Middle East and Africa

22

28

28

Total

100

100

100

In 2011, the share of revenues from Europe, the largest region for the division, increased further. Revenues from MEA, the second largest region, were lower, reflecting scheduled project execution. Revenues grew in the Americas, mainly driven by Brazil, while the revenue growth from Asia was led by Australia and India.

Europe was the largest region in terms of revenues in 2010, even though revenues from the region were lower than in 2009. The share of revenues from the MEA region remained largely unchanged, while revenues from the Americas increased, led by growth in Brazil. Revenues were flat in Asia, as an increase in India helped offset lower revenues from other parts of the region.

Operational EBITDA

In 2011, Operational EBITDA increased 144 percent (132 percent in local currencies). The higher Operational EBITDA and Operational EBITDA margin in 2011 was mainly the result of higher revenues, the non-recurrence of project-related charges in the cables business, as well as successful claims management. Sales expenses, as well as general and administrative expenses increased mainly following the acquisition of Ventyx and Mincom. The increase in sales expenses also reflected higher bad debt provisions than in 2010. Higher research and development spending, as well as the impact from lower prices on past orders now flowing through to revenues, were largely offset by cost savings.
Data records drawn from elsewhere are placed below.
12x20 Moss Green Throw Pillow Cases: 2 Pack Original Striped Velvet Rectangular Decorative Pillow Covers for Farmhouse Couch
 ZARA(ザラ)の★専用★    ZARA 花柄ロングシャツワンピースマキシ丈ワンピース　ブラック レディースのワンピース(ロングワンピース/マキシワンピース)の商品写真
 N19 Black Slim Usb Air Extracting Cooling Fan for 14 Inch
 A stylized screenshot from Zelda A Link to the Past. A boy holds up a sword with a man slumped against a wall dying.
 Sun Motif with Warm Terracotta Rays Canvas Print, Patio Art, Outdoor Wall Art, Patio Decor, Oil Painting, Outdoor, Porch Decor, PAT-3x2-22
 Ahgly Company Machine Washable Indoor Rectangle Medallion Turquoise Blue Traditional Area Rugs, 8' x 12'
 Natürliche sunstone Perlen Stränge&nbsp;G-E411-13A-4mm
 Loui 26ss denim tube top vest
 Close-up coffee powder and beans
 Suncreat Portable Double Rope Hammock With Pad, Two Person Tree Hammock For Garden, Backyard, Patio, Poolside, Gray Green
The decrease in Operational EBITDA and Operational EBITDA margin in 2010 was primarily attributable to cost overruns exceeding $200 million in a small number of subsea cable projects. The cost overruns mainly related to cable laying and trenching activities. Lower prices on past orders negatively impacted the gross margin and the Operational EBITDA margin. Operational EBITDA was also impacted by increased sales expenses, as well as increased spending for research and development. These negative Operational EBITDA impacts were partly offset by savings from the cost take-out program and the release of provisions related to the business in Russia and settlements with the U.S. Securities and Exchange Commission and Department of Justice.

Fiscal year 2012 outlook

The Power Systems market continues to be dynamic with a degree of uncertainty resulting from the macroeconomic challenges such as the debt burden in many mature economies as well as inflation and interest rate challenges in large emerging markets. However, the fundamental market drivers for the Power Systems division remain intact. This includes power infrastructure investments in new capacities in emerging markets, and aging infrastructure upgrades in mature markets as well as the increasing global focus on renewables, energy efficiency, and the development of more reliable, flexible and smarter grids.